Philippe summarised the work done at the Brignoud site on the Isère – measurements of vegetation pattern and evolution (by Jacky Girel); and of water level (which has risen by 1m for a given discharge). Data were presented on flow patterns from vegetation alignment, and on sedimentation rates and topographic change. Patterns of deposition amount and grain size, differ between 1999 and 2000, probably because elevation of surface has changed. The Grenoble team had also dug a trench and analysed the varying thickness of layers (produced by annual floods) and their grain size, and were able to relate the layers to specific floods in the last 15 years.
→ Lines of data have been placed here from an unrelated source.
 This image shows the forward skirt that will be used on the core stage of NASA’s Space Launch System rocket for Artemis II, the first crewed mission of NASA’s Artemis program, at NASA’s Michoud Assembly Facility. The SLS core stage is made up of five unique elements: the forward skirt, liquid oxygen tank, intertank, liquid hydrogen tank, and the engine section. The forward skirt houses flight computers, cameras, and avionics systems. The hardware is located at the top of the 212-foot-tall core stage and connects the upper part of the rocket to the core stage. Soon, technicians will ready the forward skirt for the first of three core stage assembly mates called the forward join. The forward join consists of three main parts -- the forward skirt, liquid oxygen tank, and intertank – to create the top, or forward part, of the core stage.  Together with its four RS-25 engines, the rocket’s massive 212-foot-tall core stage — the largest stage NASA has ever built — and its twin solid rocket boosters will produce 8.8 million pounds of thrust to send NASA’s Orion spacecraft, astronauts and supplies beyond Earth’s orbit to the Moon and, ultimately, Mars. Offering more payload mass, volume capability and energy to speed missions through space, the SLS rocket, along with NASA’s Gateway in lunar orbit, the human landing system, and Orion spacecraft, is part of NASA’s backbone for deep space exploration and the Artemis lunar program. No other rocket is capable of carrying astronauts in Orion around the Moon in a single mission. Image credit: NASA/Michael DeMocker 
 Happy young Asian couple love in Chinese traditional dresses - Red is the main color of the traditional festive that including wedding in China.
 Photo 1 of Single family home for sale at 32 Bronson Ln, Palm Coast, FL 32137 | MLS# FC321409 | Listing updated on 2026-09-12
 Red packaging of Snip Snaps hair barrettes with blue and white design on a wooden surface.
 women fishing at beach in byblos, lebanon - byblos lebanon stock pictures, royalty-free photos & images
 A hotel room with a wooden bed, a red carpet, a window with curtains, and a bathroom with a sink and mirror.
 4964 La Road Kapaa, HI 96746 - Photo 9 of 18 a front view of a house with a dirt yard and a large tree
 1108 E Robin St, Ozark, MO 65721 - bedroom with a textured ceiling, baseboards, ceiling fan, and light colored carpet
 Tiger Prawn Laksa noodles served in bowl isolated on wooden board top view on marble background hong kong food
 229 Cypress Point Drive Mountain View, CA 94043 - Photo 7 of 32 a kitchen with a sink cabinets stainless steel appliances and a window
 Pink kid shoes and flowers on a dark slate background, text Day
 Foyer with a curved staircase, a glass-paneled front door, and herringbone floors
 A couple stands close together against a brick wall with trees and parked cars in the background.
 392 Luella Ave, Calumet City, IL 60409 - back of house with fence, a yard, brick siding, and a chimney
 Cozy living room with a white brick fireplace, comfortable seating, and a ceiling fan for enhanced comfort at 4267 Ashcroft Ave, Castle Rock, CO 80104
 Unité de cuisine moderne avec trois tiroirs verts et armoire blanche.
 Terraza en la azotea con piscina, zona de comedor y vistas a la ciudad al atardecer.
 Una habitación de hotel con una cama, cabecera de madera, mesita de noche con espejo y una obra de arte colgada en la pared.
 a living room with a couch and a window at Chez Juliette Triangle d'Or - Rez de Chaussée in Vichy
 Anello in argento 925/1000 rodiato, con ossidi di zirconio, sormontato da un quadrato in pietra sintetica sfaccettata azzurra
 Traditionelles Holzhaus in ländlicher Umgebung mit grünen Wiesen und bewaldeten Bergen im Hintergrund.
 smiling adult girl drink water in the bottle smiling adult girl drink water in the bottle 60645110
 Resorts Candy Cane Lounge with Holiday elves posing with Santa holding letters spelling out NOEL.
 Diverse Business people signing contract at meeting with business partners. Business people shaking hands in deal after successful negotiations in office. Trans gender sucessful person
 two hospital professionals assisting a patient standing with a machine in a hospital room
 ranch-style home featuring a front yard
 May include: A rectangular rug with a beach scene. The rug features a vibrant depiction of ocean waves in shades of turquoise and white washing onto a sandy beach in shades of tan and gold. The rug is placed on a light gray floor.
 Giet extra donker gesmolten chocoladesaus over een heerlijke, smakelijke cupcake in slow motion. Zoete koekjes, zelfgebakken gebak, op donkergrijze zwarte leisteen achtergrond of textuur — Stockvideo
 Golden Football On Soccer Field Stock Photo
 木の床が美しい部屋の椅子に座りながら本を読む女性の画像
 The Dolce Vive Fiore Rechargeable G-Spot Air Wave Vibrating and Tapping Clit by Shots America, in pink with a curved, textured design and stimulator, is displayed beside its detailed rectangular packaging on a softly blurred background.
Over a 50km reach of the Isère above Grenoble, Philippe reported a sediment budget study which separated the lower main channel (gravel) and the upper cross-section; the lower part shows slight upstream erosion and downstream deposition (changing overall slope), while the upper part of the cross-section shows aggradation, especially in the most vegetated sections – this is because of deposition of fine sediment in these reaches.

1-D modelling was undertaken over the 50km reach, but with roughness variable across each section. This was used to explore scenarios; removing vegetation on the islands results in a 20cm reduction in stage; cutting the vegetation and removing the fine sediment of the island, results in a maximum stage reduction of about 50-60cm – so vegetation is partly directly responsible for increased stages, but mainly acts indirectly through its effect on sedimentation.

Stephane reported on the Allier studies conducted with Jean-Luc Peiry/ These are longer-term assessments using old maps and aerial photographs (the latter over 50 years). 8 categories of land cover have been defined and mapped, and the mapped sequences how recent (post-1980) recovery of forest and gravel bar extent as a result of reduction of gravel mining. Floodplain turnover is about 40% in 50 years, especially in the downstream sedimentation zone. This study results in a very detailed GIS database on land cover changes in the floodplain zone, anmd on morphological properties of the channel, and the changes are being examined against the hydrological records.

Field excursion (Tim Moss)

The team departed after lunch for a field trip to the Lower Oder National Park, where the Director of the Park met the group at the Park Information Centre and explained the history of the lower reaches of the River Oder, and the aims of the National Park and its relationship with a similar park on the Polish areas of the floodplain.

Dinner

At Dinner, toasts were made to absent friends (Gérard, Jean-Luc, Mara, Mark, Thomas, Manuela, Franck, Hélène, Rachel, Catharine and Stew); to the intellectual strengths and firm friendships that have been fostered amongst the FLOBAR2 team; and to Hartmut Barth in Brussels.